The summit of the poor," which is taking place in Katibougou, Mali, has urged
the world's richest countries, currently meeting as the G8 in Japan, to keep
their promises regarding aid to Africa, according to news reaching here. As the
Mali meeting, popularly known as the poor people's summit, entered its first day
Monday, speaker after speaker took as wipe at the G8 leadership, notably
criticizing the world's nations of making grand "announcements" in a bid to
"clear their conscience."

"Gentlemen of the G8, please respect your commitments," Bernard Ouedraogo, who
hails from Burkina Faso, said in remarks that reflected the general sentiment
of the hundreds of participants meeting until Wednesday in this town near
Bamako, in what is seen as a alternative to the "summit of rich."

"I do not want to go into the figures, but remember the development aid that was
promised by these leaders, where is it? Has it materialized? Therefore, it was
empty promise! An empty promise!" said the Ouagadougou-based poor people's
activist.

When the time came for Tahirou Bah, secretary general of the Bamako-based
Non-governmental organization "Movement of the Voiceless," to speak, he took to
the podium largely echoing Ouedraogo's remarks: "I refuse to understand how
democratically elected leaders can fail to abide by their commitments."

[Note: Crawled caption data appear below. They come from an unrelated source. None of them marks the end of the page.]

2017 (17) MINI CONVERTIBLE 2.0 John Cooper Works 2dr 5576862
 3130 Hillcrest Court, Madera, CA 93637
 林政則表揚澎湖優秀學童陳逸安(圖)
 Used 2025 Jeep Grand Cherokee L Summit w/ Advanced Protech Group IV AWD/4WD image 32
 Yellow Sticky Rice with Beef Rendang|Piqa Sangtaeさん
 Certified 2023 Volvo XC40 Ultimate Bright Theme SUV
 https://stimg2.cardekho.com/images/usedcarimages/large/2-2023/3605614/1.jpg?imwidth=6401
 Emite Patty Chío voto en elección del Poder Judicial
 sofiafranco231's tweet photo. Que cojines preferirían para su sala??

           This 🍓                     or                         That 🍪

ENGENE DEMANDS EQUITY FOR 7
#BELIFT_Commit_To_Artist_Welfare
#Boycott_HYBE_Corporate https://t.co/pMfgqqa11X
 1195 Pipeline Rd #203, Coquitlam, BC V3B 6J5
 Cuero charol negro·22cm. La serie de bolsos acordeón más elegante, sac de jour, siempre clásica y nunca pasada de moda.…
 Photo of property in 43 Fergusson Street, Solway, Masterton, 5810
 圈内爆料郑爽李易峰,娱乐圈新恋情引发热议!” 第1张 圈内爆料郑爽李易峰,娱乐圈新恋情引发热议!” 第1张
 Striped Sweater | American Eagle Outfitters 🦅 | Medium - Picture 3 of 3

"It seems as if the announcements are just made for the purpose of having a good
conscience, that's all. But this situation cannot last. We are going straight
into the wall. There will be a revolution, the poor people will engineer a
revolution," he said.

The leaders of South Africa, Algeria, Ethiopia, Ghana, Nigeria,S enegal,
Tanzania, who have been invited to the G8 meeting together with Jean Ping,
chairman of the African Union commission, have all spoken on the need "to honor
promises made during previous summits, before making new ones."

But organizers of the world's poor people summit have so far showed little
enthusiasm and outright pessimism on whether the G8 summit will come out with
tangible benefits for Africa. "We expect nothing from this meeting. They can do
nothing, they do not want to do anything for the continent," Nouhoun Keita, one
of the spokesmen of the meeting, told reporters on the sidelines of the summit.

"They are incapable of generosity. They are incapable of looking the reality in
the face, and it is very unfortunate. It is now up to the southern countries,
the civil societies, the world's peasants to take their responsibilities," said
Barry Aminata Toure, one of the organizers of the Katibougou summit.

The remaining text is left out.